• What you are asked to do:
Every line below from the one with "Home Accents Holiday" through the one with "韩版春秋男童女童黑色宽松休闲裤" is to be repeated exactly, with no picture among them.
----- Data -----
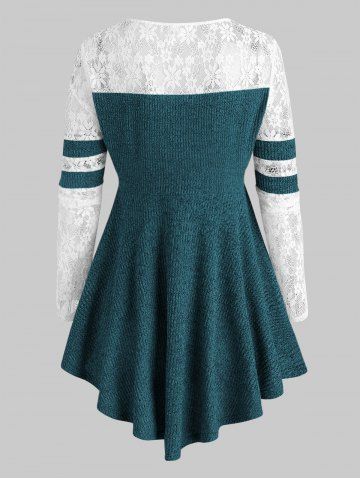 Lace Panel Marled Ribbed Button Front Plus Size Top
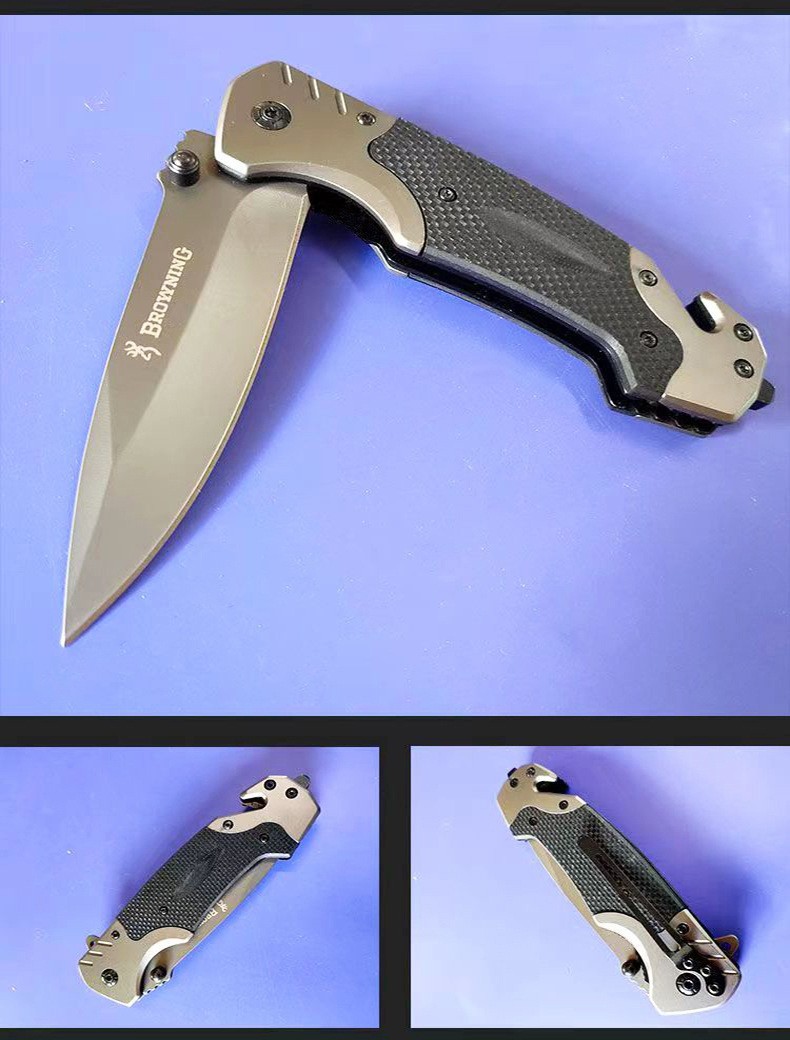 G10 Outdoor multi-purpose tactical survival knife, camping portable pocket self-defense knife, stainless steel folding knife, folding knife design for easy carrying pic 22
-----
----- Data -----
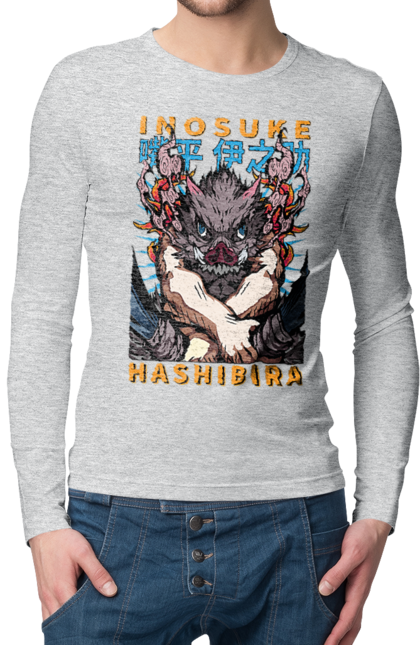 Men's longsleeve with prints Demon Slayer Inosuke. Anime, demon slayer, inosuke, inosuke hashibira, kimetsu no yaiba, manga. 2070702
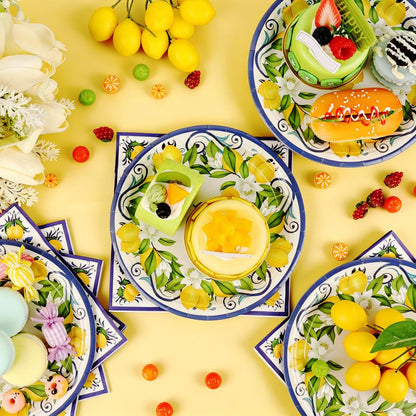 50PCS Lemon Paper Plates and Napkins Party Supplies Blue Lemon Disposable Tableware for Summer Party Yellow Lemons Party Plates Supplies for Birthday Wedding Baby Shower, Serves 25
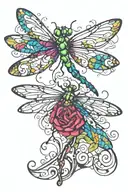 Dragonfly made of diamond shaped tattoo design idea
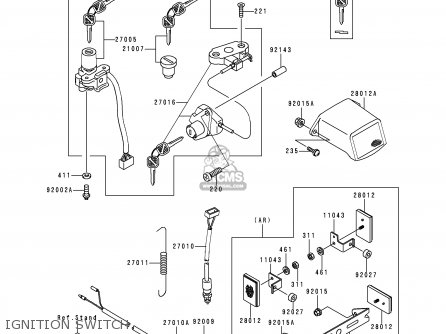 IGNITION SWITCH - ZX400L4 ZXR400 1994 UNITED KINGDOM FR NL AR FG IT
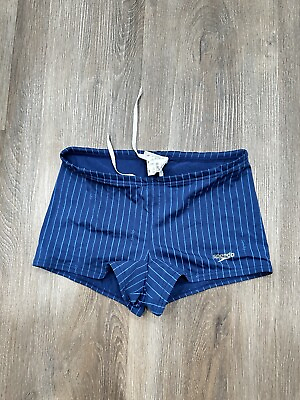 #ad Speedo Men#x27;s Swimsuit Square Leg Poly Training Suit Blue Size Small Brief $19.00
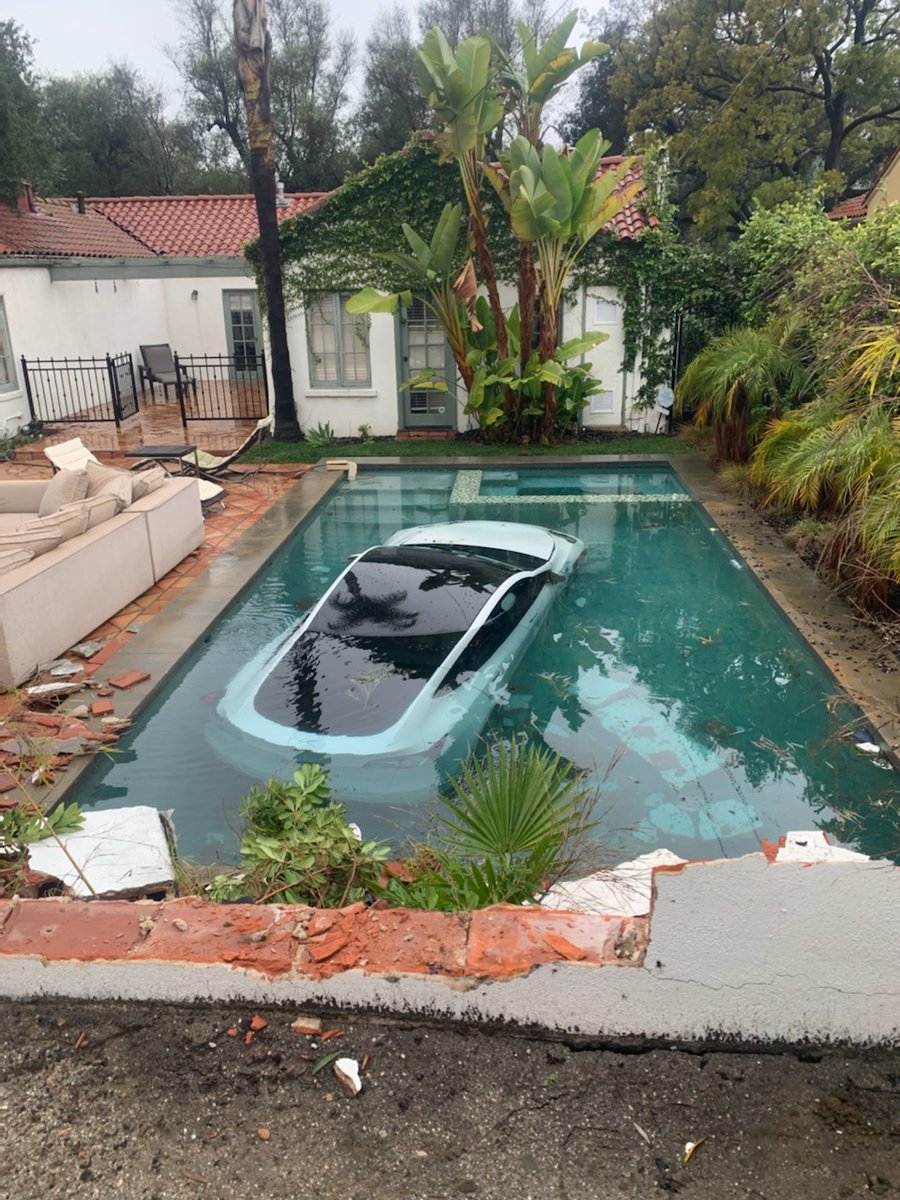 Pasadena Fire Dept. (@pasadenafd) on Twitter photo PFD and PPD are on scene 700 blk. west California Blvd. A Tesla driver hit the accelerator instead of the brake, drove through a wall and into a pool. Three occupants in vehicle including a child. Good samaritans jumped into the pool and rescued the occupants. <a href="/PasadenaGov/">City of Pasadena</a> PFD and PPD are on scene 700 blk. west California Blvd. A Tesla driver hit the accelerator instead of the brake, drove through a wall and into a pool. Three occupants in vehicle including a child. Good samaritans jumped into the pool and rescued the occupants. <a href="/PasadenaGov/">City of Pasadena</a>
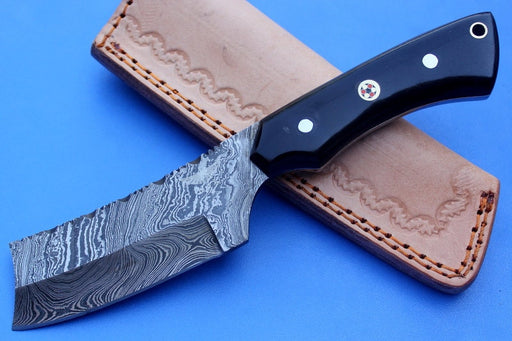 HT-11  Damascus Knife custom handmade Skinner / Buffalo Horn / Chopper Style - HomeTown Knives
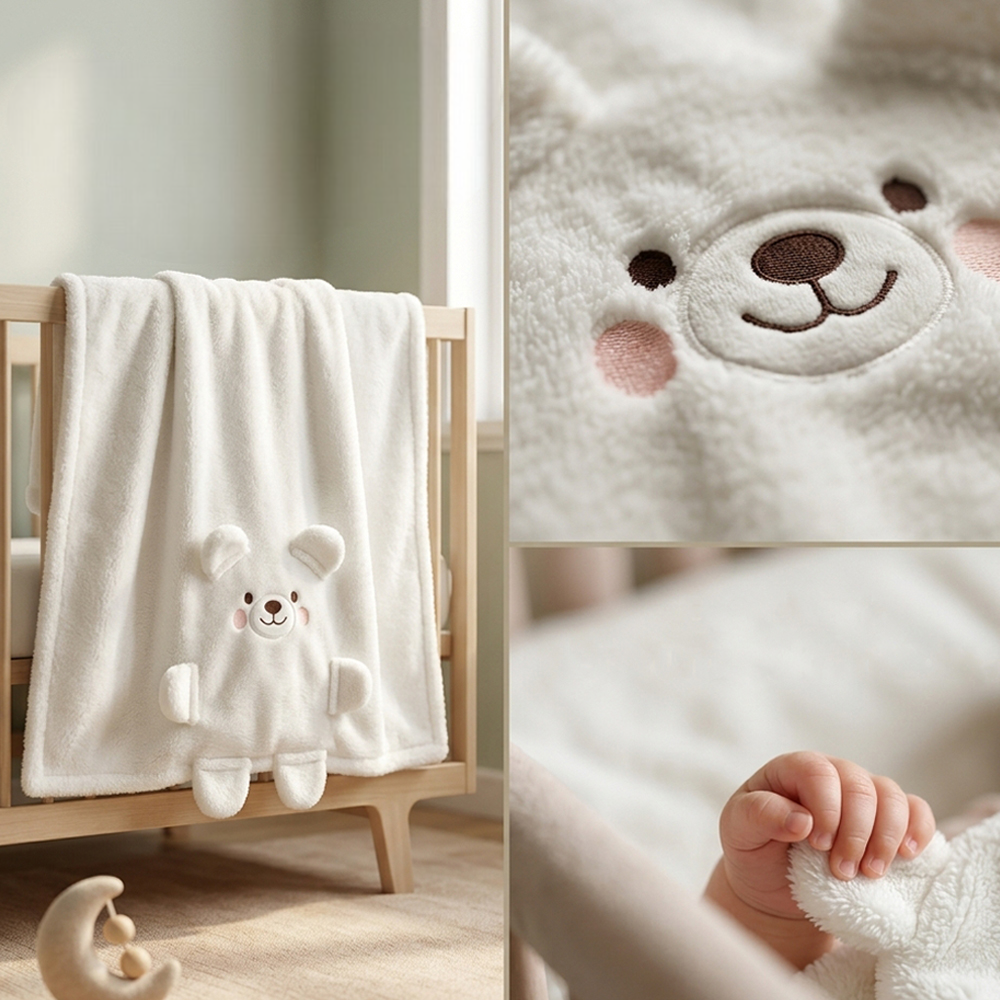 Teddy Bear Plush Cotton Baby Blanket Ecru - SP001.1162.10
-----
----- Data -----
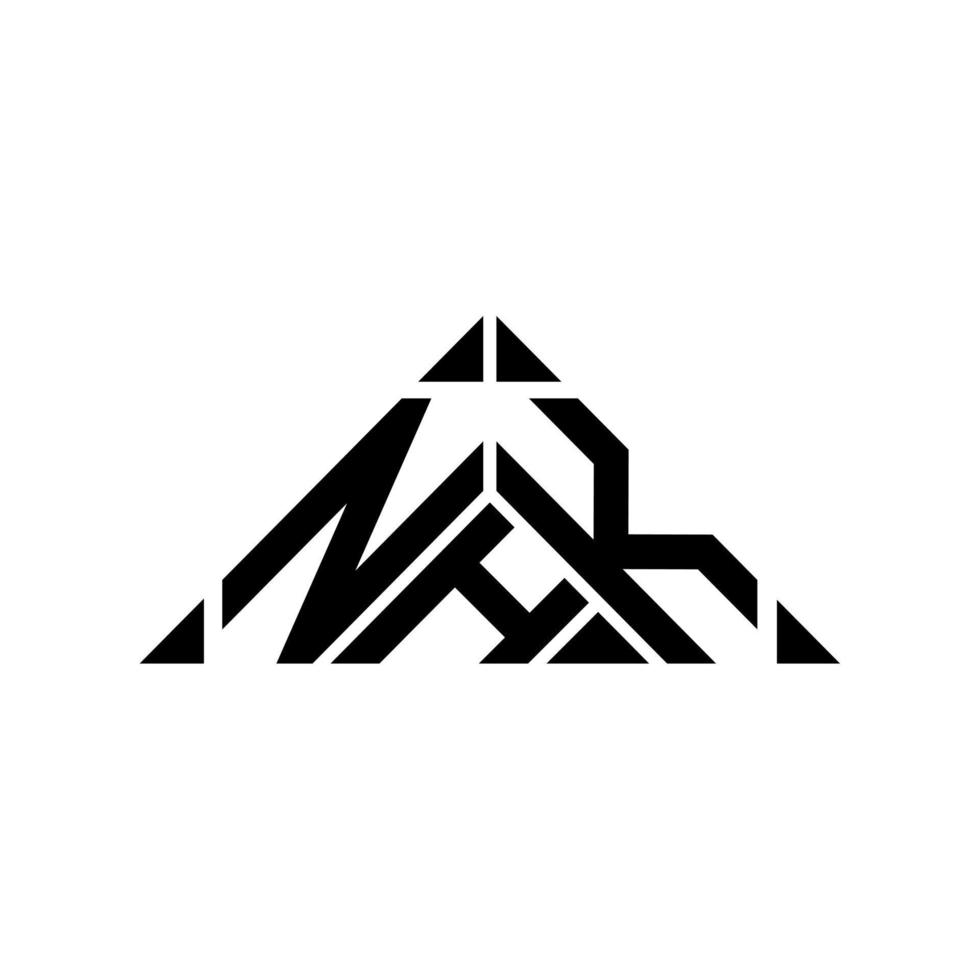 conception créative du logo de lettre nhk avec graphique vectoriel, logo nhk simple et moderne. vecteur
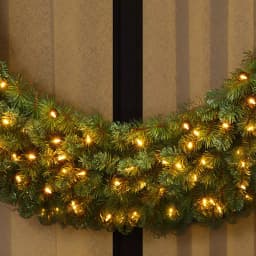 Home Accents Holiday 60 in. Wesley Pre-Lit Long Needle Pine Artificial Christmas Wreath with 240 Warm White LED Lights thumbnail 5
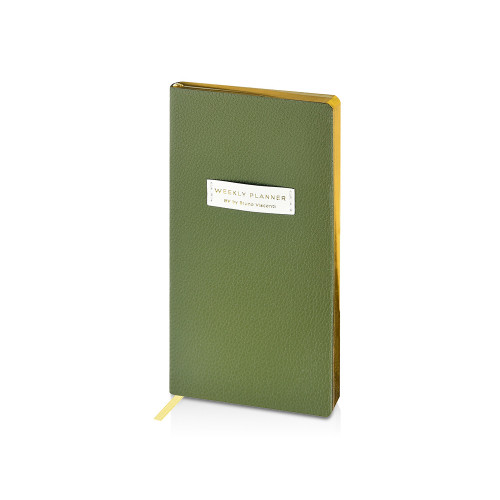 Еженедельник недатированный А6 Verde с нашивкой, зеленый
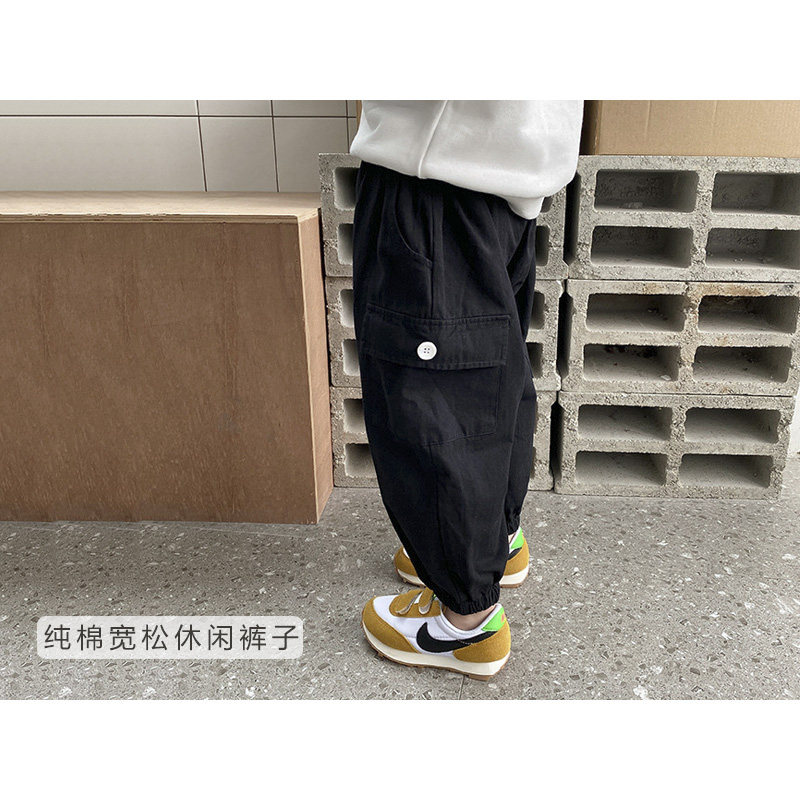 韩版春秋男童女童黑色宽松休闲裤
-----
• Exercise output:
 Home Accents Holiday 60 in. Wesley Pre-Lit Long Needle Pine Artificial Christmas Wreath with 240 Warm White LED Lights thumbnail 5
 Еженедельник недатированный А6 Verde с нашивкой, зеленый
 韩版春秋男童女童黑色宽松休闲裤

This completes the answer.